Whole genome sequencing (WGS) is another innovation that will forever change our approach to foodborne pathogen detection, surveillance and epidemiological investigations. The level of granularity in the data provided by WGS applications, coupled with its growing speed and affordability, will allow the agency to identify incidences of microbial foodborne contamination and link these events to their source with greater speed and certainty.

The third innovation is the incorporation of geographic information systems (GIS), a mapping technology, as a tool to help us understand real and potential pathogen contamination and transmission routes as food moves from farm to table. When coupled with the tracking of environmental data (e.g., seasonality, climate conditions, etc.) and WGS applications to provide epidemiological data, we will be able to better assess risk for foodborne contamination that may be associated with farm-to-table processes.

Why did FDA decide to utilize an open innovation competition to help solve this problem?

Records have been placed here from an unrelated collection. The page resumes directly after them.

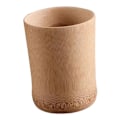 Miniatyrbillede 2 af 5: Naturlig Bambus Juice krus og kop Drikkekrus til Sake kaffe og te, 12 Designs at Vælge Imellem B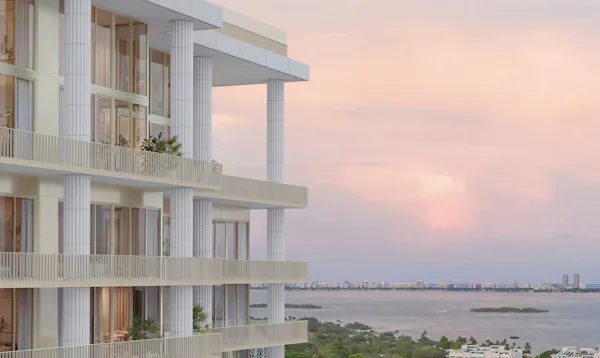 Image for In Pictures: Parisian hospitality brand to launch Miami Design District residences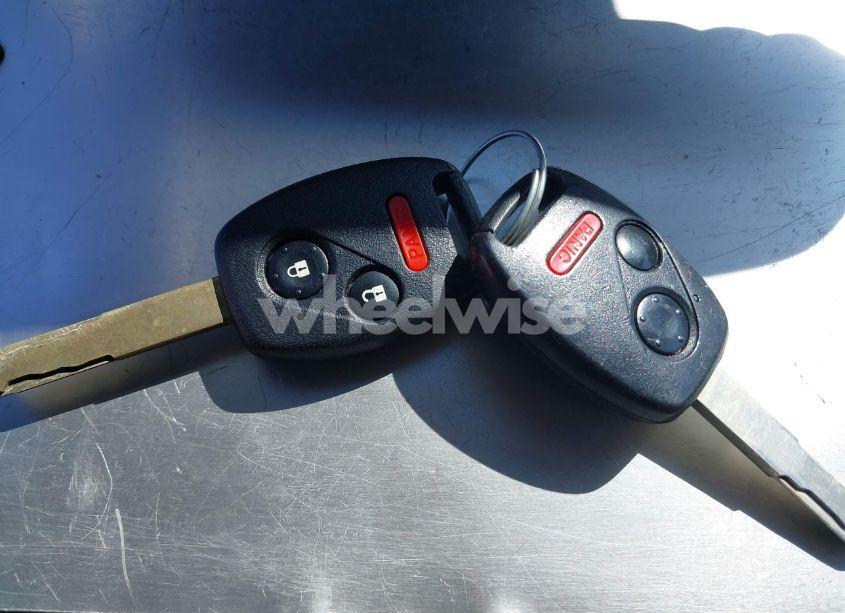 Photo 11 of 2007 Honda Cr-v EX-L (VIN 5J6RE48707L010211)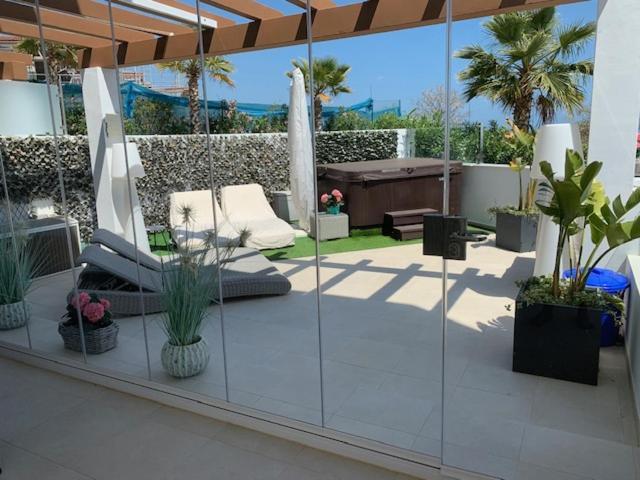 Estepona Luxe Top Appartement In Finca De Cortesin D38 Ngoại thất bức ảnh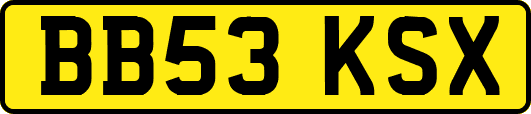 BB53KSX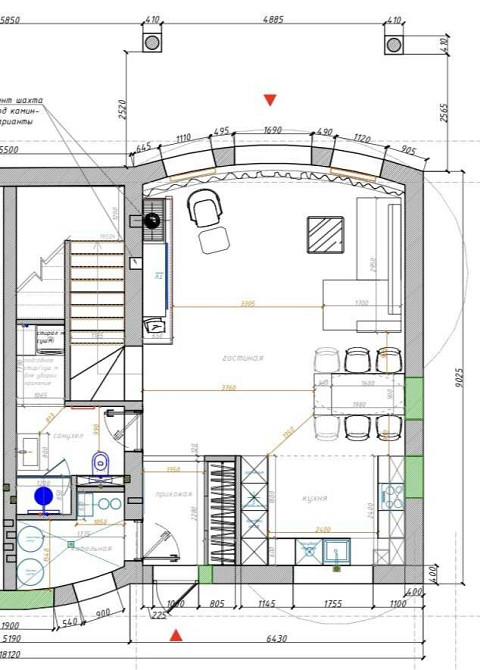 продажа 5-к дом Обуховский, Козин, 235000 $  - изображение 7
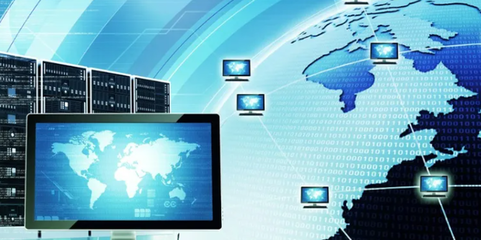 网络信息技术 重塑现代生活的无形之手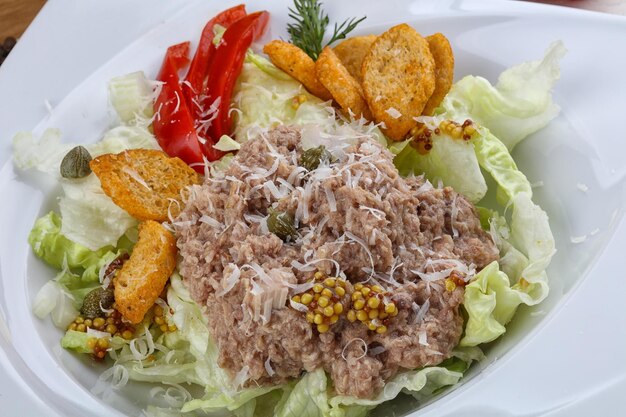 Tuna salad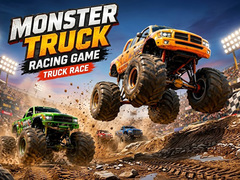 Jeu Monster Truck Racing Game Truck Race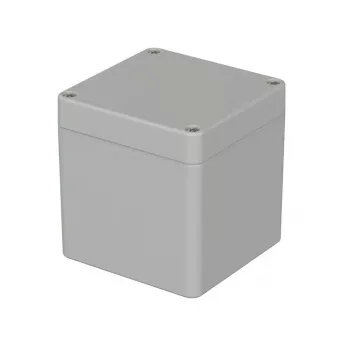 Caixa universal Bopla EUROMAS T 225 82 x 80 x 85 mm ABS cinzento-claro IP65 03225000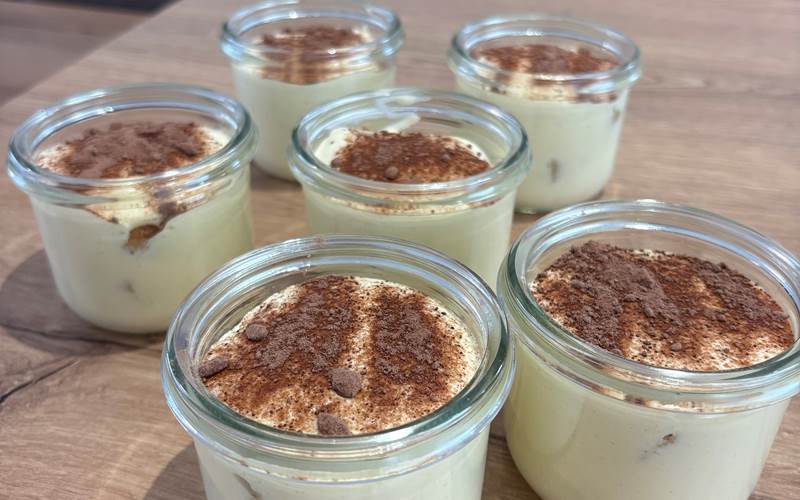 Tiramisu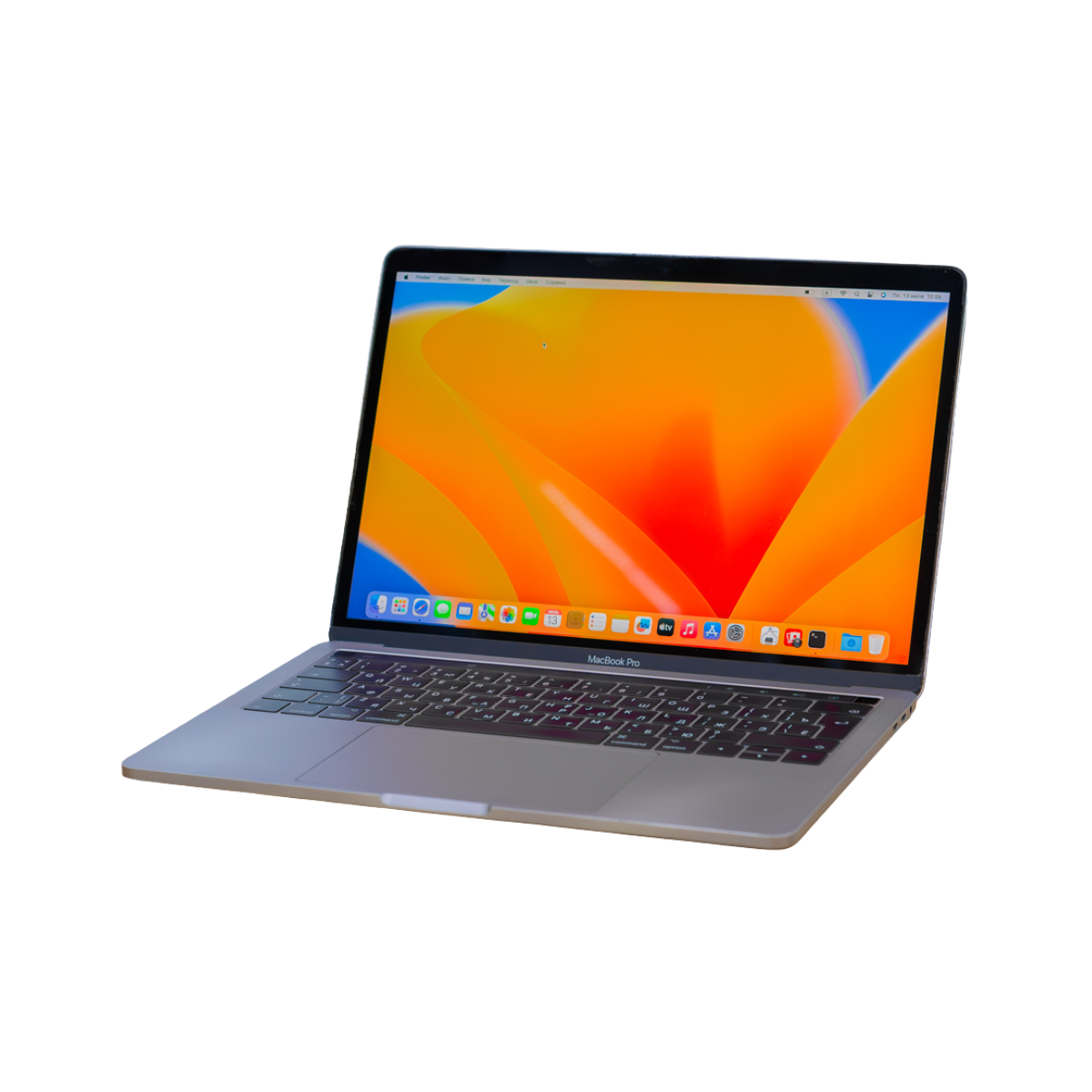 MacBook Pro 13" 2017 A1706 I5 Dual-Core 3,1Ghz 8GB/512GB - Imagem 2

FDA realizes that there is great benefit in collaboration and in maximizing resources, manpower, and — most of all — ideas. By reaching out to the general public, academia, and the larger scientific, innovation, and solver communities through this challenge, we are provided with the opportunity to view solutions to our food safety problems through a different lens. It’s a means to consider approaches (and possible solutions) through others’ eyes with technology that we may not have considered applicable. Some of the greatest innovations are born from “outside-the-box” thinking and this is what we hope to achieve. The prize purse doesn’t hurt as an added incentive either.

How do you see open innovation efforts, like the 2014 FDA Food Safety Challenge, impacting how FDA protects America’s food supply?

FDA and our food industry stakeholders share common goals and responsibilities of providing a safe product to our citizens and ensuring the public health. We also share many of the same scientific knowledge gaps needed to fulfill these responsibilities. Specifically, foods are a diverse and heterogeneous matrix and present many challenges analytically to ensuring they are devoid of either chemical or biological adulterants. This first FDA Food Safety Challenge is a means for the agency to achieve a common goal using a new collaborative approach.